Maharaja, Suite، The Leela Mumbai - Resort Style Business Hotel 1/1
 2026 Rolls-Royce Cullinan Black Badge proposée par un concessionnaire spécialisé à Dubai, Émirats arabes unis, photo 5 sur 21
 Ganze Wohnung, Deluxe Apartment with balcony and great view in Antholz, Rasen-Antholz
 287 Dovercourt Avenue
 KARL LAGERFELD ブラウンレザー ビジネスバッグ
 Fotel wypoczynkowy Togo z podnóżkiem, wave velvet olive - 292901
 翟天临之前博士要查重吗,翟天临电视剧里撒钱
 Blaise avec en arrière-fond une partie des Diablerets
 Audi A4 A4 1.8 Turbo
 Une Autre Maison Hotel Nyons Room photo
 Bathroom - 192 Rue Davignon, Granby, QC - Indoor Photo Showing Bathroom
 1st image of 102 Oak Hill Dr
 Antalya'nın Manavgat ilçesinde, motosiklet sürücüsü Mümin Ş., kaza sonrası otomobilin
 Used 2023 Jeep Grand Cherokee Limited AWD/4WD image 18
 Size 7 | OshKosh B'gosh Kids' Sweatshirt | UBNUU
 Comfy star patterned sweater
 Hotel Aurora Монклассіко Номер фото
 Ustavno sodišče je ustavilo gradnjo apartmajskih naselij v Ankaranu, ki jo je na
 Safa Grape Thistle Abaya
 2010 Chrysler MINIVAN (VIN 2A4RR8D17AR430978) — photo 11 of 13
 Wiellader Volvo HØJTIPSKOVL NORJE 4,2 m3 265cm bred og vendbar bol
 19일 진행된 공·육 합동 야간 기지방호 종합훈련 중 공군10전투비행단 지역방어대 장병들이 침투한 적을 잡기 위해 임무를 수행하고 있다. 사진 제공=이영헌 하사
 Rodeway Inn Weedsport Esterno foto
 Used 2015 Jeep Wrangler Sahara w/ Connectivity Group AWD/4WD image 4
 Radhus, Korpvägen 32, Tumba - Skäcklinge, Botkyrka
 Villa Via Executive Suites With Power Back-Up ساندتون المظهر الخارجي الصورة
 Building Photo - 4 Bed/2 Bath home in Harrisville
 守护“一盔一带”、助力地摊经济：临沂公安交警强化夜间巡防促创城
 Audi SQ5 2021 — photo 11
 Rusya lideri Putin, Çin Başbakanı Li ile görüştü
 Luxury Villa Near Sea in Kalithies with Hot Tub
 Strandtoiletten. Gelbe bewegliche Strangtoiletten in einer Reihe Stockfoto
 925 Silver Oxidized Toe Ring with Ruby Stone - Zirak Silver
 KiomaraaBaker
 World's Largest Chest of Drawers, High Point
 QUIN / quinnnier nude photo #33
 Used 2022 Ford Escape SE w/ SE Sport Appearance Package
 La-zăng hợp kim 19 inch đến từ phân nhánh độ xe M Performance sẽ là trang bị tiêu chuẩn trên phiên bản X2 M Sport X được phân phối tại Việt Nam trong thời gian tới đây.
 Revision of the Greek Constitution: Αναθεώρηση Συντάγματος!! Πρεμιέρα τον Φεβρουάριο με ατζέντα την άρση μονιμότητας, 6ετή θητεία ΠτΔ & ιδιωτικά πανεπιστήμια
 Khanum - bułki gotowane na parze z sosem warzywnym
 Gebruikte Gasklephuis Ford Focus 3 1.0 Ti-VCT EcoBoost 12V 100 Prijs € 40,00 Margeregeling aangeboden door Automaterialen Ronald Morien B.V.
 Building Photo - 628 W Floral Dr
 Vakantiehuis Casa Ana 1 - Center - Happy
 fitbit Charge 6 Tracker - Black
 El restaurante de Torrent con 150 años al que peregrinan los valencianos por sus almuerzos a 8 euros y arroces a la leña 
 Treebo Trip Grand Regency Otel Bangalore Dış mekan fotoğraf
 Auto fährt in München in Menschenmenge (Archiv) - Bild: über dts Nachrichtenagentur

################

> WORK ORDER:
The data above must be restated word for word.

> TASK RESULT:
Maharaja, Suite، The Leela Mumbai - Resort Style Business Hotel 1/1
 2026 Rolls-Royce Cullinan Black Badge proposée par un concessionnaire spécialisé à Dubai, Émirats arabes unis, photo 5 sur 21
 Ganze Wohnung, Deluxe Apartment with balcony and great view in Antholz, Rasen-Antholz
 287 Dovercourt Avenue
 KARL LAGERFELD ブラウンレザー ビジネスバッグ
 Fotel wypoczynkowy Togo z podnóżkiem, wave velvet olive - 292901
 翟天临之前博士要查重吗,翟天临电视剧里撒钱
 Blaise avec en arrière-fond une partie des Diablerets
 Audi A4 A4 1.8 Turbo
 Une Autre Maison Hotel Nyons Room photo
 Bathroom - 192 Rue Davignon, Granby, QC - Indoor Photo Showing Bathroom
 1st image of 102 Oak Hill Dr
 Antalya'nın Manavgat ilçesinde, motosiklet sürücüsü Mümin Ş., kaza sonrası otomobilin
 Used 2023 Jeep Grand Cherokee Limited AWD/4WD image 18
 Size 7 | OshKosh B'gosh Kids' Sweatshirt | UBNUU
 Comfy star patterned sweater
 Hotel Aurora Монклассіко Номер фото
 Ustavno sodišče je ustavilo gradnjo apartmajskih naselij v Ankaranu, ki jo je na
 Safa Grape Thistle Abaya
 2010 Chrysler MINIVAN (VIN 2A4RR8D17AR430978) — photo 11 of 13
 Wiellader Volvo HØJTIPSKOVL NORJE 4,2 m3 265cm bred og vendbar bol
 19일 진행된 공·육 합동 야간 기지방호 종합훈련 중 공군10전투비행단 지역방어대 장병들이 침투한 적을 잡기 위해 임무를 수행하고 있다. 사진 제공=이영헌 하사
 Rodeway Inn Weedsport Esterno foto
 Used 2015 Jeep Wrangler Sahara w/ Connectivity Group AWD/4WD image 4
 Radhus, Korpvägen 32, Tumba - Skäcklinge, Botkyrka
 Villa Via Executive Suites With Power Back-Up ساندتون المظهر الخارجي الصورة
 Building Photo - 4 Bed/2 Bath home in Harrisville
 守护“一盔一带”、助力地摊经济：临沂公安交警强化夜间巡防促创城
 Audi SQ5 2021 — photo 11
 Rusya lideri Putin, Çin Başbakanı Li ile görüştü
 Luxury Villa Near Sea in Kalithies with Hot Tub
 Strandtoiletten. Gelbe bewegliche Strangtoiletten in einer Reihe Stockfoto
 925 Silver Oxidized Toe Ring with Ruby Stone - Zirak Silver
 KiomaraaBaker
 World's Largest Chest of Drawers, High Point
 QUIN / quinnnier nude photo #33
 Used 2022 Ford Escape SE w/ SE Sport Appearance Package
 La-zăng hợp kim 19 inch đến từ phân nhánh độ xe M Performance sẽ là trang bị tiêu chuẩn trên phiên bản X2 M Sport X được phân phối tại Việt Nam trong thời gian tới đây.
 Revision of the Greek Constitution: Αναθεώρηση Συντάγματος!! Πρεμιέρα τον Φεβρουάριο με ατζέντα την άρση μονιμότητας, 6ετή θητεία ΠτΔ & ιδιωτικά πανεπιστήμια
 Khanum - bułki gotowane na parze z sosem warzywnym
 Gebruikte Gasklephuis Ford Focus 3 1.0 Ti-VCT EcoBoost 12V 100 Prijs € 40,00 Margeregeling aangeboden door Automaterialen Ronald Morien B.V.
 Building Photo - 628 W Floral Dr
 Vakantiehuis Casa Ana 1 - Center - Happy
 fitbit Charge 6 Tracker - Black
 El restaurante de Torrent con 150 años al que peregrinan los valencianos por sus almuerzos a 8 euros y arroces a la leña 
 Treebo Trip Grand Regency Otel Bangalore Dış mekan fotoğraf
 Auto fährt in München in Menschenmenge (Archiv) - Bild: über dts Nachrichtenagentur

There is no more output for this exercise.